Supplied material >>
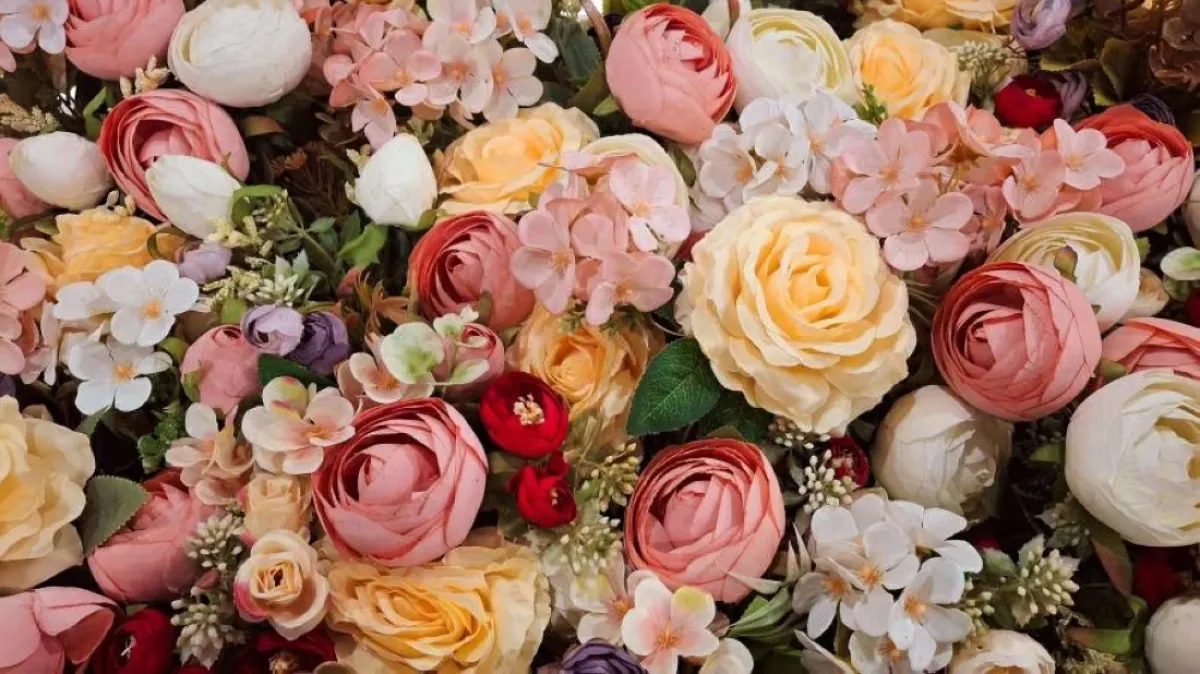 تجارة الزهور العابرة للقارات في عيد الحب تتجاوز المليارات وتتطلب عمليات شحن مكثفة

* * *

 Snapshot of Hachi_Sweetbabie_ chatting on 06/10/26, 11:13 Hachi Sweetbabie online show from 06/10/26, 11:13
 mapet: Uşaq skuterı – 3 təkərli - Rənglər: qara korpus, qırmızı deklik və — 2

Task goal >>
Everything from the line with "Snapshot of Hachi_Sweetbabie_" through the line with "mapet: Uşaq skuterı" should be written out exactly as it appears above, end lines included, and nothing outside that range.

Response below >>
 Snapshot of Hachi_Sweetbabie_ chatting on 06/10/26, 11:13 Hachi Sweetbabie online show from 06/10/26, 11:13
 mapet: Uşaq skuterı – 3 təkərli - Rənglər: qara korpus, qırmızı deklik və — 2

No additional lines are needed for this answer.